# [Work item]
In the records below, find the line that contains "Customized HDPE Electro" and the line that contains "vertbaudet Bluza w"; write out exactly those two lines and everything between them, without the pictures.

# [Material supplied]
# # # #
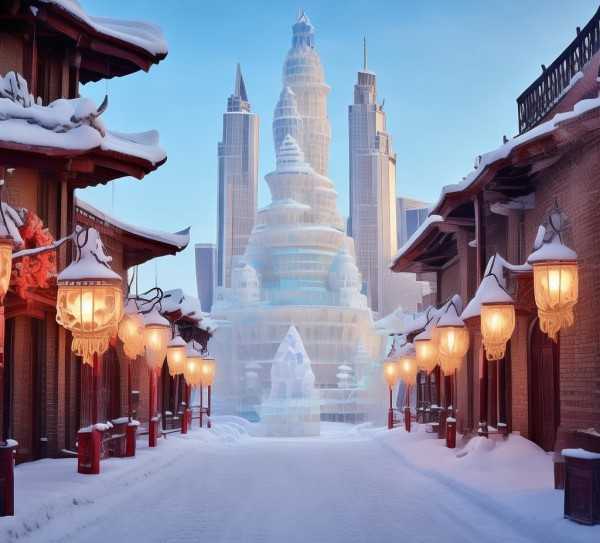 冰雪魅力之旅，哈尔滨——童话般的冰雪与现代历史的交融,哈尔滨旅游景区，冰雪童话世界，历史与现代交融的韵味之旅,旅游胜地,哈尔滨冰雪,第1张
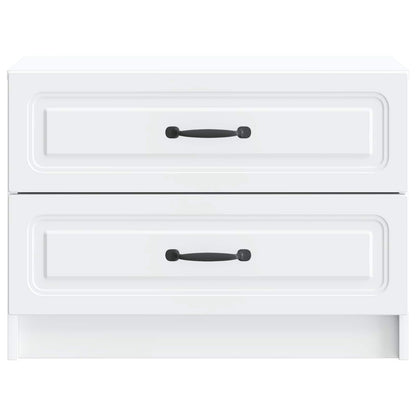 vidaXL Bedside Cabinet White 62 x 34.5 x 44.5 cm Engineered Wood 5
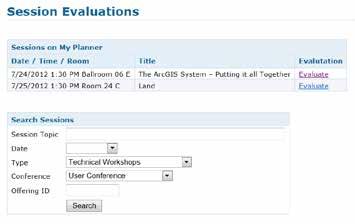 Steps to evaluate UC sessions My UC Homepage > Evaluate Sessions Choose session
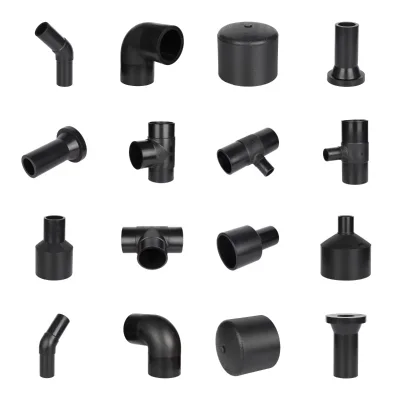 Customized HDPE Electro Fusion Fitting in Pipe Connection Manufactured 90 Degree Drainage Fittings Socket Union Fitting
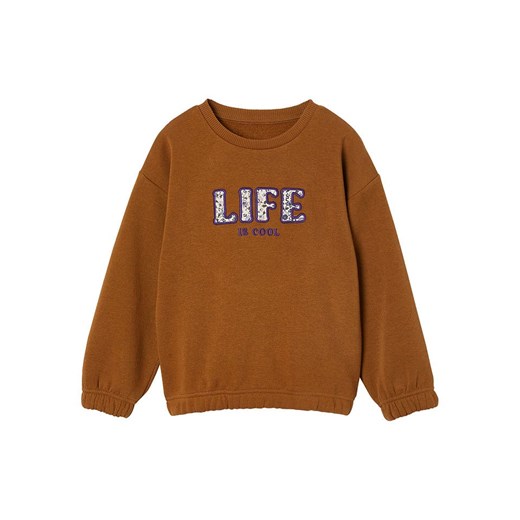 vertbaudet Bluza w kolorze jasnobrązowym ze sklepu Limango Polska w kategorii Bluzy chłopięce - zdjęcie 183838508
# # # #
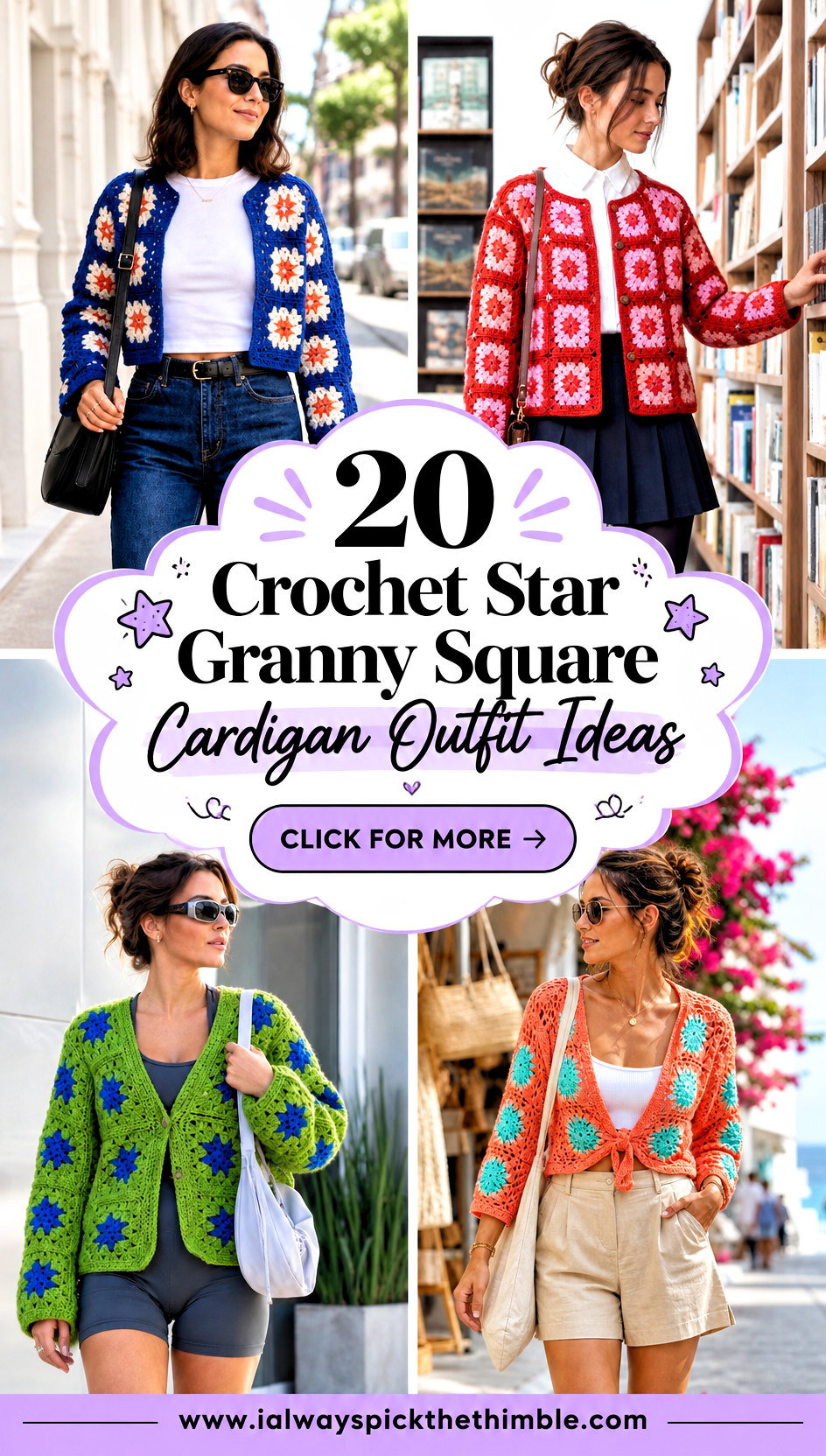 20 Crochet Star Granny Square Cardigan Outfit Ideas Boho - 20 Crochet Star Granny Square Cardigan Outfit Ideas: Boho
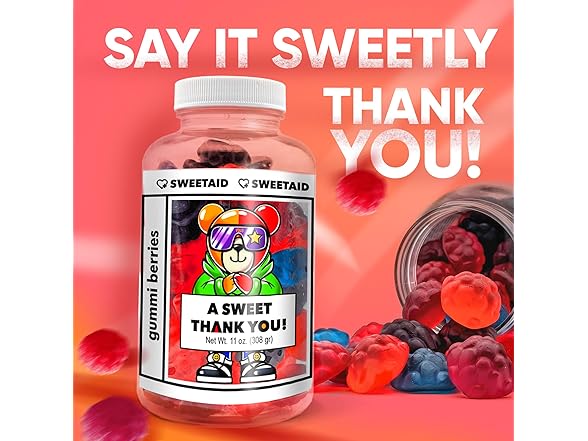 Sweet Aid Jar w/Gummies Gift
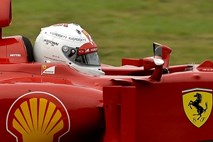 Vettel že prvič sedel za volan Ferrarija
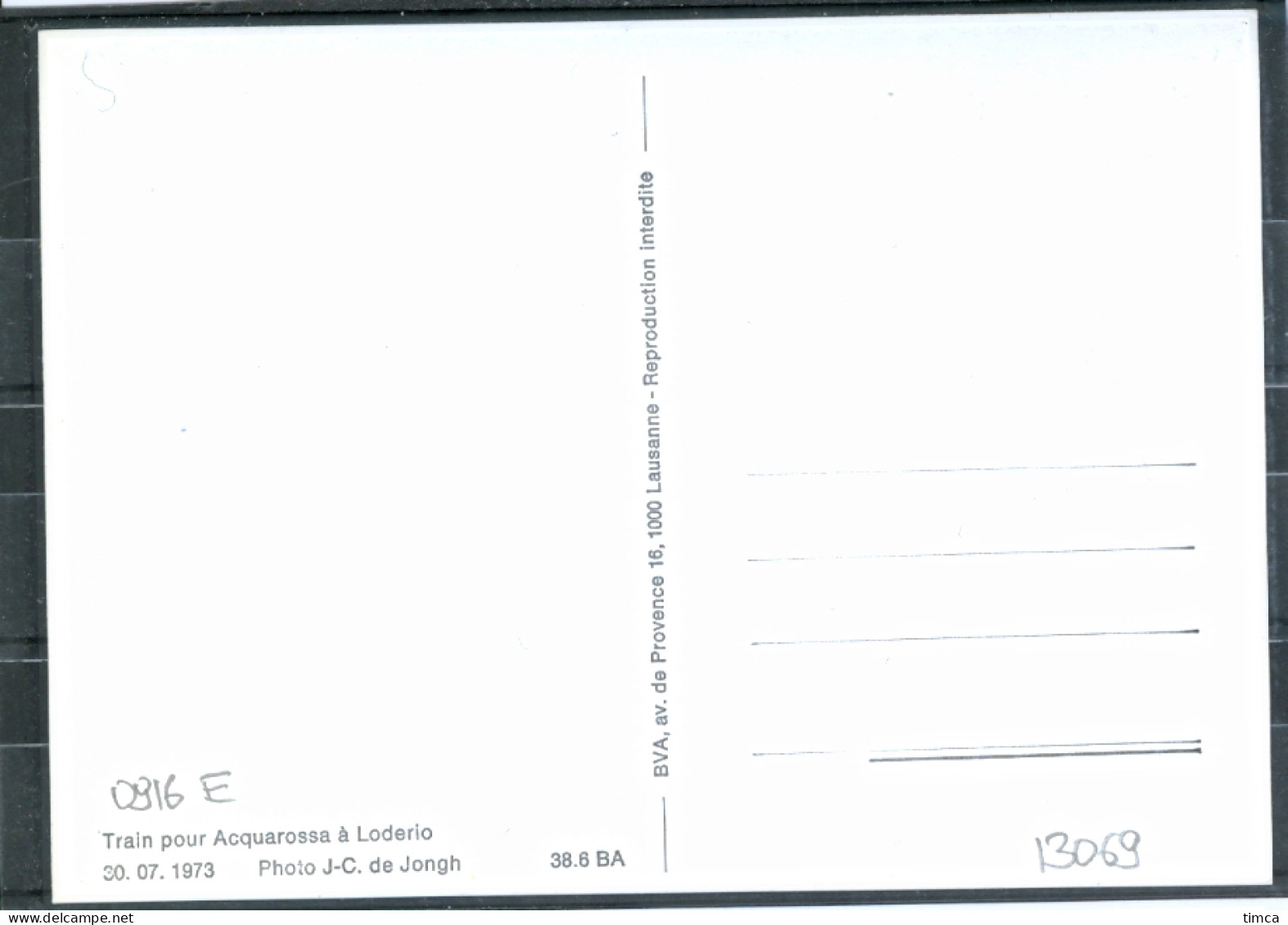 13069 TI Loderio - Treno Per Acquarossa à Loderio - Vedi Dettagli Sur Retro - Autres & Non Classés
# # # #
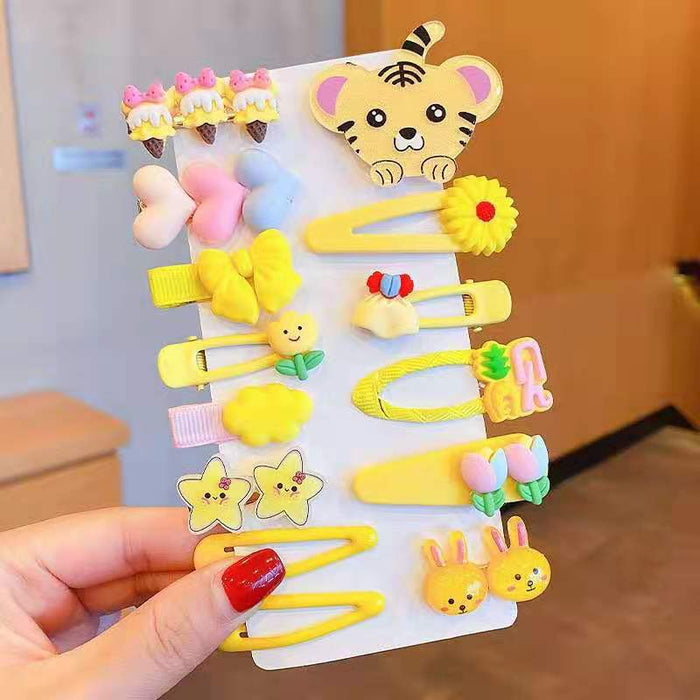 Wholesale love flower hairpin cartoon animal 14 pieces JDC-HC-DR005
# # # #
# [Expected answer]
 Customized HDPE Electro Fusion Fitting in Pipe Connection Manufactured 90 Degree Drainage Fittings Socket Union Fitting
 vertbaudet Bluza w kolorze jasnobrązowym ze sklepu Limango Polska w kategorii Bluzy chłopięce - zdjęcie 183838508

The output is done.